Saturday, February 1, 2020

Gospel text for The Presentation of Our Lord, Sunday 2 February 2020

Luke 2:22-40        When the time came for their purification according to the law of Moses, the parents of Jesus brought him up to Jerusalem to present him to the Lord (as it is written in the law of the Lord, "Every firstborn male shall be designated as holy to the Lord"), and they offered a sacrifice according to what is stated in the law of the Lord, "a pair of turtledoves or two young pigeons."
Now there was a man in Jerusalem whose name was Simeon; this man was righteous and devout, looking forward to the consolation of Israel, and the Holy Spirit rested on him. It had been revealed to him by the Holy Spirit that he would not see death before he had seen the Lord's Messiah. Guided by the Spirit, Simeon came into the temple; and when the parents brought in the child Jesus, to do for him what was customary under the law, Simeon took him in his arms and praised God, saying,
"Master, now you are dismissing your servant in peace,
according to your word;
for my eyes have seen your salvation,
which you have prepared in the presence of all peoples,
a light for revelation to the Gentiles
and for glory to your people Israel.”

And the child's father and mother were amazed at what was being said about him. Then Simeon blessed them and said to his mother Mary, "This child is destined for the falling and the rising of many in Israel, and to be a sign that will be opposed so that the inner thoughts of many will be revealed-- and a sword will pierce your own soul too."
There was also a prophet, Anna the daughter of Phanuel, of the tribe of Asher. She was of a great age, having lived with her husband seven years after her marriage, then as a widow to the age of eighty-four. She never left the temple but worshiped there with fasting and prayer night and day. At that moment she came, and began to praise God and to speak about the child to all who were looking for the redemption of Jerusalem.
When they had finished everything required by the law of the Lord, they returned to Galilee, to their own town of Nazareth. The child grew and became strong, filled with wisdom; and the favor of God was upon him.

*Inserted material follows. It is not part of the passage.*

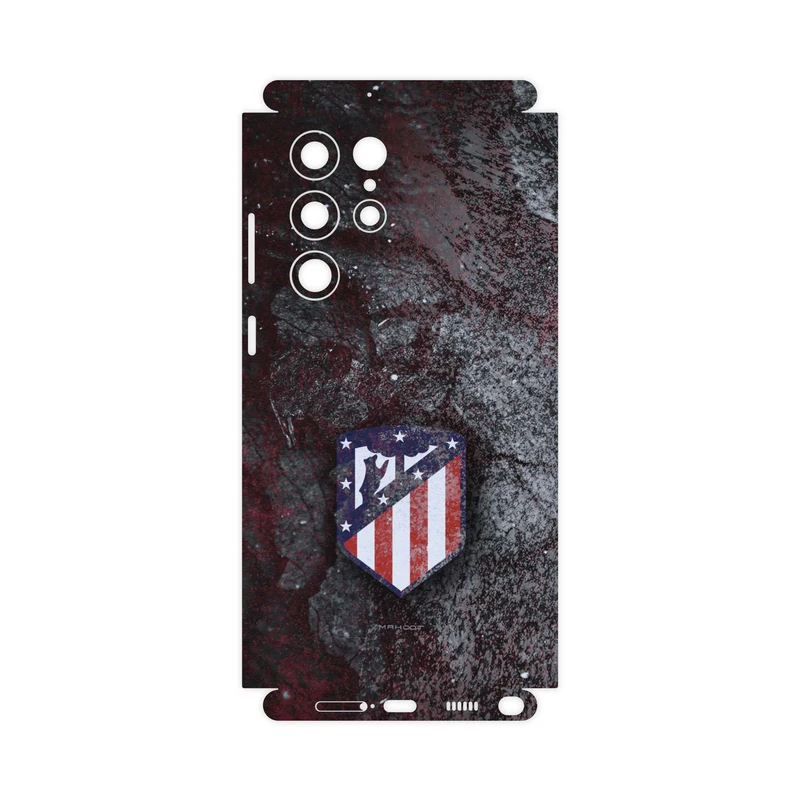 برچسب پوششی ماهوت مدل Atletico-de-Madrid-FullSkin مناسب برای گوشی موبایل سامسونگ Galaxy S22 Ultra 5G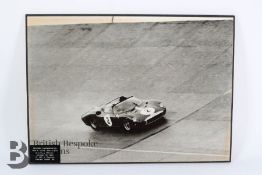 Black and White Photograph of a Ferrari 330p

Reflection      This past week I attended the Annual Arizona Diocesan Clergy Conference where the topic was Dementia From the Inside Out. The speakers were The Very Rev. Tracey Lind, former dean of an Episcopal Cathedral and active with the the Episcopal Church Pension Fund and her wife Emily who worked in commercial real estate and management. In 2016 at the age of sixty-two Tracey was diagnosed with Frontotemporal Dementia (FTD). The diagnosis comes with the expectation of loss of memory, language, motor skills, ability to care for yourself and ultimately a dramatically shortened life expectancy.  While grappling with how to live with this diagnosis rather than succumb to focusing on what she was losing, Tracey confronted the roomful of clergy with a question she and others living with dementia grapple. “When I cannot remember God, will God remember me?” *

I have no idea what she said next because along with everyone else in the room my heart nearly stopped as I choked back tears. I suspect every priest in this diocese is preaching Tracey’s question today. “When I cannot remember God, will God remember me?”

Tracey’s question invites us to ask, How do we present ourselves to God? Exactly as we are. As unblemished babes brought to the waters of the baptismal font. As fidgity five year olds, stopping, dropping and rolling. As awkward preteens preoccupied by appearance and longing to fit in. As rapidly changing teenagers developing values and obcessed with body image. As young adults reaching our peak in health, strength and performance. As middle age adults re-examining our life as many physical changes signal aging. As older adults experiencing decline in strength, energy, vision, hearing and balance.

How do we present ourselves to God? As people of God who at any age or any stage may be fit and formidable or may be frail and ailing because our wholeness and our holiness does not depend on us alone. Our wholeness and holiness depend on God with us. Furthermore, our wholeness and holiness does not depend upon us being able to recognize and assert it our selves.

Jesus parents name him Joshua, which means "God saves." At the appointed time in his development Jesus’ parents bring him to the temple and present him to God. Neither action depends on Jesus. Additionally, it is the perspicuity of the two prophets Simeon and Anna who affirm Jesus’ holy stature. First Simeon proclaiming, “For my eyes have seen your salvation, which you have prepared in the presence of all peoples, a light for revelation to the Gentiles and for glory to your people Israel.” Then Anna who proceeds “to praise God and to speak about the child to all who were looking for the redemption of Jerusalem.”

Returning to Tracey’ heart wrenching question, “When I cannot remember God, will God remember me?” my answer is an unequivocal “Yes.”  “Yes, those of us who surround you and know you will hold you up and present you to God even when you have no memory of God.” And yes, there will come a time in every one of our lives when we cannot remember God due to crushing challenges, loss of faith, impaired cognition, a broken heart or a broken body. That is why we need one another. That is why we are church, the living body meant to surround and present us to God and affirm, “When we can no longer remember God, God will remember us.”